Bangkok/ Selective and Exclusive Self-Colonization
Although never officially colonized by any Western powers, it would be inaccurate to assume that there had been little external influences on Bangkok’s urban development. This statement is not referring to the “self-colonization” Westernization of the Thai authorities, but rather, the more subversive influences by the Chinese migrants. While recognizing the potential of population growth and income driven by Chinese immigrants would be huge, there was also a potential danger for the Thais to be overwhelmed and subsequently lose their cultural identity and heritages. The Thai authorities had been quick to be on the alert and the two ethnic groups were separated and segregated.
The rapid urbanization and modernization process naturally required the drafting in of a huge amount of Chinese craftsmen. To the Thai authorities’ dismay, most of these craftsmen were not used to Thai building skills and designs.
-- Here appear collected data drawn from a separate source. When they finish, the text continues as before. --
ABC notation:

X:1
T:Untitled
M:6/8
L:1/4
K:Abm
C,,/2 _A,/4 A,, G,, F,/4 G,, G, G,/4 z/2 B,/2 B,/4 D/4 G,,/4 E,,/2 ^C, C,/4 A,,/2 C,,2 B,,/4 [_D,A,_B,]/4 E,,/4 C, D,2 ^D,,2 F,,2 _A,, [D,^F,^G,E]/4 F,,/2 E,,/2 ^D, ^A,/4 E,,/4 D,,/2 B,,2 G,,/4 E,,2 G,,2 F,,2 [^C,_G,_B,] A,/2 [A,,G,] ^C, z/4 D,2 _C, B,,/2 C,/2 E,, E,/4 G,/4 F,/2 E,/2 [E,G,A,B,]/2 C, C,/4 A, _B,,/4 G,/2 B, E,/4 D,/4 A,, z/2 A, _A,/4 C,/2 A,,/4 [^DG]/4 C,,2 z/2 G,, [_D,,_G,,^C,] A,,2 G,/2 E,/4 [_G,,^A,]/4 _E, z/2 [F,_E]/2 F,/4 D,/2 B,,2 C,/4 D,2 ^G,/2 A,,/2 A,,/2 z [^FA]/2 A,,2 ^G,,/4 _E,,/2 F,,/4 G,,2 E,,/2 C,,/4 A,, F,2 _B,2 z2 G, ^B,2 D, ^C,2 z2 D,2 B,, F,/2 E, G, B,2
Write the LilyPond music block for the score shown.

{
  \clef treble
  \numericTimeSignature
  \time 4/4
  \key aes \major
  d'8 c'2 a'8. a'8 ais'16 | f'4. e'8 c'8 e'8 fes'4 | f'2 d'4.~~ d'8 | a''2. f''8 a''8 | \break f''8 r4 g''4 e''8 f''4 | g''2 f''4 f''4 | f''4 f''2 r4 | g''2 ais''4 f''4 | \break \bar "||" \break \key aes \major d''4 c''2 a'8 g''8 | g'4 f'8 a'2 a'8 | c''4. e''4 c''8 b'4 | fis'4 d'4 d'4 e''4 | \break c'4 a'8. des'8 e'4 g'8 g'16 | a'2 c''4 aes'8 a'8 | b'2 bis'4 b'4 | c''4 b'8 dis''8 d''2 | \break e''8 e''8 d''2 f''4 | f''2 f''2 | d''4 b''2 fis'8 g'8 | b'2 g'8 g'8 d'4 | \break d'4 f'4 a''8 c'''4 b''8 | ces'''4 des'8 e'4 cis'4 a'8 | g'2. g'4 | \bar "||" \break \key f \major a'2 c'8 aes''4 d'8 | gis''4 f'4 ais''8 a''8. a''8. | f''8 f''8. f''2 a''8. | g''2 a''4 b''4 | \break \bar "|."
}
Prince Wahchirayan directed the writing and publishing of a construction manual, known as the Baeb Nawakam. Through the manual, “Thai” styles and “Chinese” styles were to be clearly defined and delineated. An integration, union or even meditation was strictly denied. The official position would be, the people from the two races were to “live side-by-side but separately”.
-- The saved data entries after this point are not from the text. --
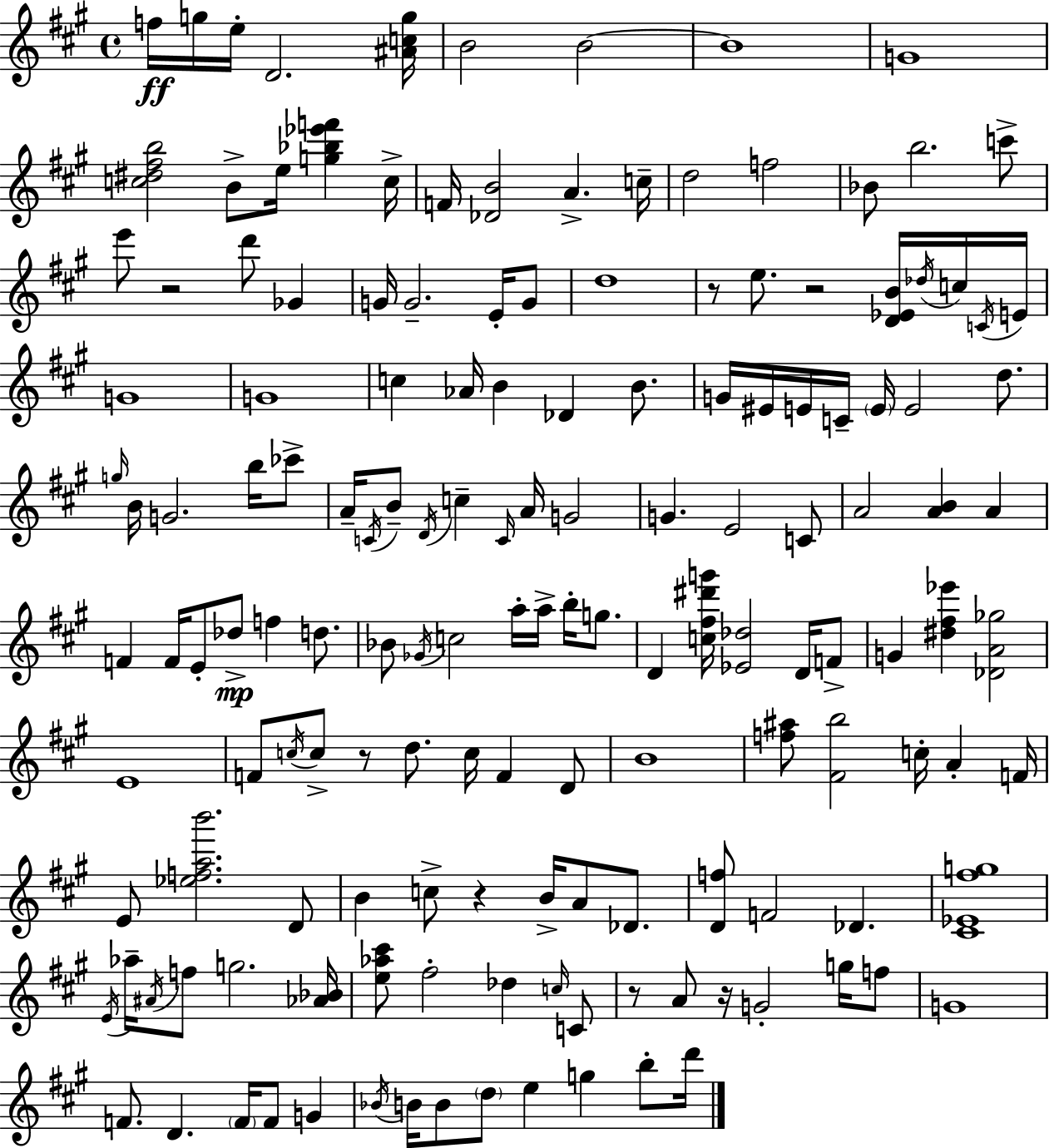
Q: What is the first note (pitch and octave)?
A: F5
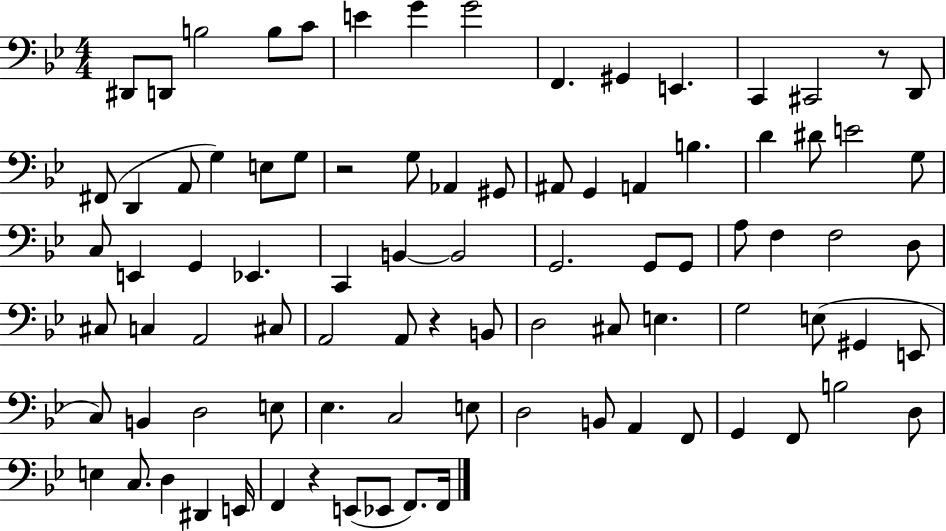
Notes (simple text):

D#2/e D2/e B3/h B3/e C4/e E4/q G4/q G4/h F2/q. G#2/q E2/q. C2/q C#2/h R/e D2/e F#2/e D2/q A2/e G3/q E3/e G3/e R/h G3/e Ab2/q G#2/e A#2/e G2/q A2/q B3/q. D4/q D#4/e E4/h G3/e C3/e E2/q G2/q Eb2/q. C2/q B2/q B2/h G2/h. G2/e G2/e A3/e F3/q F3/h D3/e C#3/e C3/q A2/h C#3/e A2/h A2/e R/q B2/e D3/h C#3/e E3/q. G3/h E3/e G#2/q E2/e C3/e B2/q D3/h E3/e Eb3/q. C3/h E3/e D3/h B2/e A2/q F2/e G2/q F2/e B3/h D3/e E3/q C3/e. D3/q D#2/q E2/s F2/q R/q E2/e Eb2/e F2/e. F2/s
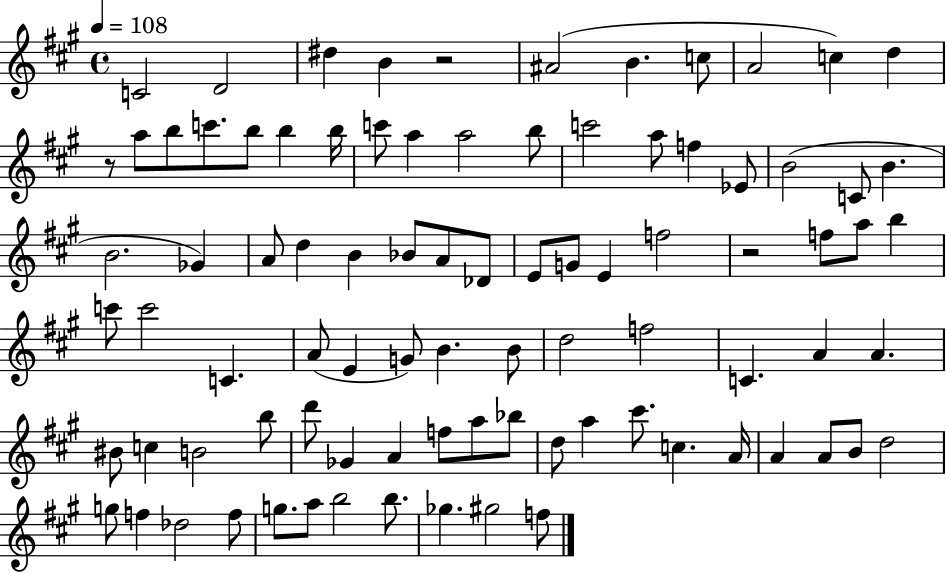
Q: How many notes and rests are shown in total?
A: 88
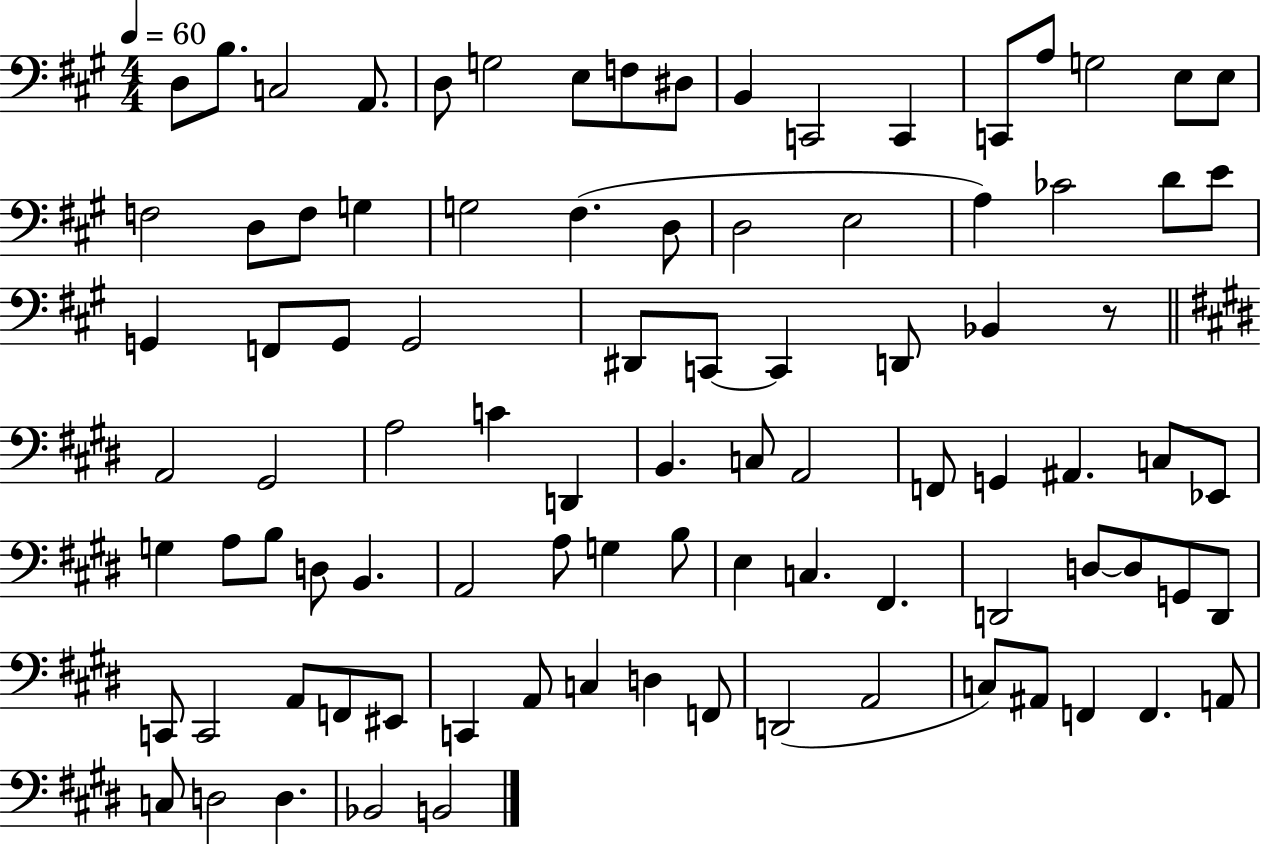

In terms of architectural aesthetics and possibilities, it left a huge question mark of “what if?” with vast potential still to be explored. While it would be commendable for the awareness and agility on the Thais’ side to preserve and protect their own history and culture, their conservative and selective approaches in terms of referencing from external influences could not be thoroughly comprehensive and justifiable.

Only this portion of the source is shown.